Latham was a bank executive going through a contentious divorce with his wife, Nancy Cannon, a real estate agent and S.C. Education Lottery commissioner.
Moore, wearing a striped jail uniform and her blond hair grown longer than in her mug shot taken more than a year ago, spoke publicly for the first time during her sentencing hearing Wednesday in a downtown Charleston federal courtroom.
Family members spoke in support of Moore, who they portrayed as a good mother with a troubled past.
Moore's daughter, Samantha, 19, spoke of her mother as a provider who struggled to put herself though school in order to give her children a better life.
"I understand crime and punishment, but every day she's in jail we don't get to hug her," she said. "She's suffering a great deal, but we are, too." Moore spoke of the loss she's felt, including the time away from her children.
"I haven't touched or hugged my children in 485 days," Moore said. "I'm so sorry for the pain I have caused them."
Moore also spoke about her faith and the Bible sessions she's been leading in jail.
"There has been something that has come out of this," she told the judge.
Rhett DeHart, one of the assistant U.S. attorneys prosecuting the case, said it was a hard and sad case and they were pleased with the results.
Moore also will have to serve three years of supervised release following her sentence.
Her attorneys requested Moore be placed in a facility in Marianna, Fla.
Moore could have been sentenced to up to 30 years in prison.
Latham was sentenced Tuesday to 10 years in prison, the maximum penalty on his aiding and abetting conviction.
Gergel said it would not be fair to have a large disparity in Moore's and Latham's sentences, despite Moore being convicted of all four counts against her, while Latham was found guilty of one count.
During her tearful statement, Moore said she is praying for Cannon and her two daughters.
"I'm sorry they've felt discomfort in the last year," Moore told the court. "I wish I could take those feelings away from you."
Cannon called those sentiments hollow during her statement to the judge.
She said Moore had the opportunity to ease some of her pain by revealing the secrets buried deep between Moore and Latham, who were romantically involved during the scheme.

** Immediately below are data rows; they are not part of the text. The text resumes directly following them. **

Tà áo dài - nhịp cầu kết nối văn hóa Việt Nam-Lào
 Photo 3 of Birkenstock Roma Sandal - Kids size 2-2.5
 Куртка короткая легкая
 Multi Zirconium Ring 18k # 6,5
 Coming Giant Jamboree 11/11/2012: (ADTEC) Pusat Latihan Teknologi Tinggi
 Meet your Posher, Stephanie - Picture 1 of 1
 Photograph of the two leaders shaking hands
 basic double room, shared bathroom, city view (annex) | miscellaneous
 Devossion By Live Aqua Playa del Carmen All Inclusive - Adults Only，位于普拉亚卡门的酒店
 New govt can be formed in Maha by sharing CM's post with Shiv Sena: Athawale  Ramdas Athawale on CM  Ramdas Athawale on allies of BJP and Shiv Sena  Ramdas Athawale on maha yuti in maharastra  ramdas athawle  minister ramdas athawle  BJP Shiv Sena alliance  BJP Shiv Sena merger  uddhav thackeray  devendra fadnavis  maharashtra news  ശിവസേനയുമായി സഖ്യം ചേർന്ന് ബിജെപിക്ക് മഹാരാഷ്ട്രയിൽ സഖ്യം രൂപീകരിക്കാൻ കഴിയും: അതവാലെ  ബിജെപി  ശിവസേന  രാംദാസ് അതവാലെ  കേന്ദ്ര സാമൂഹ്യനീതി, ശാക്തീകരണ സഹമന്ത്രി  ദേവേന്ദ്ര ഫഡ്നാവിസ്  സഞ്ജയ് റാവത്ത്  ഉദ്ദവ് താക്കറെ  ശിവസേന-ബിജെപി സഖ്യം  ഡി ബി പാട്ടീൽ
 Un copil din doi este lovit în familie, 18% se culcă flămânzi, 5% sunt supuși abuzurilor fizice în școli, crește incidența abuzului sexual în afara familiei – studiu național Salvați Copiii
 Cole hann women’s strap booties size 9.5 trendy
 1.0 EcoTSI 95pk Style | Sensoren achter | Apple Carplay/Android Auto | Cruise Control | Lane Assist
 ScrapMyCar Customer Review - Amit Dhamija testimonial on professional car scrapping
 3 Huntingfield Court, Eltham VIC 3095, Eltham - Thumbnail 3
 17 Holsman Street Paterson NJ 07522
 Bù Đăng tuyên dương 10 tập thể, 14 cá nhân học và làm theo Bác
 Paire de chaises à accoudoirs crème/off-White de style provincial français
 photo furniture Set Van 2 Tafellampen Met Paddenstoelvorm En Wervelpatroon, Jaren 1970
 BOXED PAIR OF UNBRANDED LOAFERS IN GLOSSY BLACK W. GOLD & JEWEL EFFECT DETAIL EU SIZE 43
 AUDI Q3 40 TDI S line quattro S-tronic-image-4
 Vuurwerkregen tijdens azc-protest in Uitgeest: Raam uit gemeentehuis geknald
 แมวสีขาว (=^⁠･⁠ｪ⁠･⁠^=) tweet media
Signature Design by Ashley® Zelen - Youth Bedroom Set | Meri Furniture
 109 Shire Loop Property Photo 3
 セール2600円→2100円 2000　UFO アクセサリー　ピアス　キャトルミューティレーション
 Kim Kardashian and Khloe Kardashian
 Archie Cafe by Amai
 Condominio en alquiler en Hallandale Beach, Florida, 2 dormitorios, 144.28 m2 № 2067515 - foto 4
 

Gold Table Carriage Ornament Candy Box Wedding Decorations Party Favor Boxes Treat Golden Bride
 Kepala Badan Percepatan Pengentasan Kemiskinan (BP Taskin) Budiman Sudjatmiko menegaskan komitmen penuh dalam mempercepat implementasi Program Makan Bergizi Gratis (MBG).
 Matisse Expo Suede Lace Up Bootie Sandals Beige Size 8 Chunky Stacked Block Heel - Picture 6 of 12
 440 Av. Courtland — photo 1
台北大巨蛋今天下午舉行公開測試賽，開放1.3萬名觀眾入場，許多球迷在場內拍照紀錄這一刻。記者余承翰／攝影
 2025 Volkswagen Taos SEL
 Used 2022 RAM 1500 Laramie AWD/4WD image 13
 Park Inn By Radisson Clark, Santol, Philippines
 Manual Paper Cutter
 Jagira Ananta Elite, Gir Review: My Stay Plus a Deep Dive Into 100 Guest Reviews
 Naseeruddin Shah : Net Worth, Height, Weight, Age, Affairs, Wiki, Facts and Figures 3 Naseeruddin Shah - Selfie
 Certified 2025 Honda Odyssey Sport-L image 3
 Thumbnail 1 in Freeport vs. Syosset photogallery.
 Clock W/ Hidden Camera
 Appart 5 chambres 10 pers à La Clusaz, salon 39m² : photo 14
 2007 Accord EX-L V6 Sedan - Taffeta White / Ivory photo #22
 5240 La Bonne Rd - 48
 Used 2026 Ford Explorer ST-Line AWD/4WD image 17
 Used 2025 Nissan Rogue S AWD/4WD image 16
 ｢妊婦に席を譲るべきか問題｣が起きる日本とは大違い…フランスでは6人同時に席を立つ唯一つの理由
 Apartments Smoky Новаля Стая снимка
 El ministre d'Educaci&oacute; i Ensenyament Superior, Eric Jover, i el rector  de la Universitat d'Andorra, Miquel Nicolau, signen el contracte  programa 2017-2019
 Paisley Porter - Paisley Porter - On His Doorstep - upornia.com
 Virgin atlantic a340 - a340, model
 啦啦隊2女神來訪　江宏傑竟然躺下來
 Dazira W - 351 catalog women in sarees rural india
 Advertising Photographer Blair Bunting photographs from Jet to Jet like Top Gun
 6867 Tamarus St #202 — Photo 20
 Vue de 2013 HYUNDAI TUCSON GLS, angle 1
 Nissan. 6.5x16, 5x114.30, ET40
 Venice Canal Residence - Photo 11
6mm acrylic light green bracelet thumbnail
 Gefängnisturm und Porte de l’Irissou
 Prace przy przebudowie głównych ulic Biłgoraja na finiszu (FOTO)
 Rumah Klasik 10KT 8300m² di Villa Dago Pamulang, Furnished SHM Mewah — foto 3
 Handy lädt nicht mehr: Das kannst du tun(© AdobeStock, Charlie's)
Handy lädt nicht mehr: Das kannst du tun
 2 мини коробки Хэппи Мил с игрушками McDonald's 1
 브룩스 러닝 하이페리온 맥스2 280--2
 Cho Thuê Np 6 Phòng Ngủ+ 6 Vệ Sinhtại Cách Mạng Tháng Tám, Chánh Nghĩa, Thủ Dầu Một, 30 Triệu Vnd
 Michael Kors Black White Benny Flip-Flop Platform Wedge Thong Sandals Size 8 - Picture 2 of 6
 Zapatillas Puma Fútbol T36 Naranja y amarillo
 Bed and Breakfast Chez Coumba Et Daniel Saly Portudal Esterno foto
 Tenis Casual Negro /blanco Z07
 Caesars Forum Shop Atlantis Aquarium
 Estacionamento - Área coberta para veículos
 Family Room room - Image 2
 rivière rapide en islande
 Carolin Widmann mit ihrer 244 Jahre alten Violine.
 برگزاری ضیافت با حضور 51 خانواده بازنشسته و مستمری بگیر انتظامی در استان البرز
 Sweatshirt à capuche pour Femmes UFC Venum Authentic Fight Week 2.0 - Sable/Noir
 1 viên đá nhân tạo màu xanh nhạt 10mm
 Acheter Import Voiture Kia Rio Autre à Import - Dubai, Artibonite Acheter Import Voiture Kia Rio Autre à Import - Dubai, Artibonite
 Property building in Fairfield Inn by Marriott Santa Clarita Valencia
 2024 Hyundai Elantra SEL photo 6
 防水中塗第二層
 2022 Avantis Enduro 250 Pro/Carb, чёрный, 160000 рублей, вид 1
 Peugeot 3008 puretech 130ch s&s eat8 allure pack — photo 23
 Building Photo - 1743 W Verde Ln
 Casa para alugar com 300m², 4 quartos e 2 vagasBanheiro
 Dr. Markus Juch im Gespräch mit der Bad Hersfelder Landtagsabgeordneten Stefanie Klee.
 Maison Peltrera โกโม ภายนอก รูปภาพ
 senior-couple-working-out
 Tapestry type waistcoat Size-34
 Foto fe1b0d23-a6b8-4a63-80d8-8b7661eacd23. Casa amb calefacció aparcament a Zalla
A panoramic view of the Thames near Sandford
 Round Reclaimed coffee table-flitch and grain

"If she wants to take away my pain, tell me why," Cannon said. "Tell me all the things you are tiptoeing around. She's not willing to do that."
During the hearing, Gergel asked Moore's attorney, David Aylor, to reveal the mastermind of the plan if, as he contended, Moore was not the leader.
"I'm fully confident there's more to the story all of us have heard," Gergel said to Aylor. "I'm all ears."
Aylor said he could not answer those questions and could only refer to what has already been said in trial about the case.
"I wish I was in a different position to present more," Aylor told the judge.
Following Wednesday's hearing, Aylor said there are appellate issues at stake that prevented him from providing any new details about the case during sentencing.
When asked what appellate issues there are in the case, Aylor declined to comment.
"There are still so many unanswered questions," Cannon said following the hearing.
While some insight may have provided some comfort to Cannon, she said she still has hope in finding out how and why a woman she'd never met wanted her dead.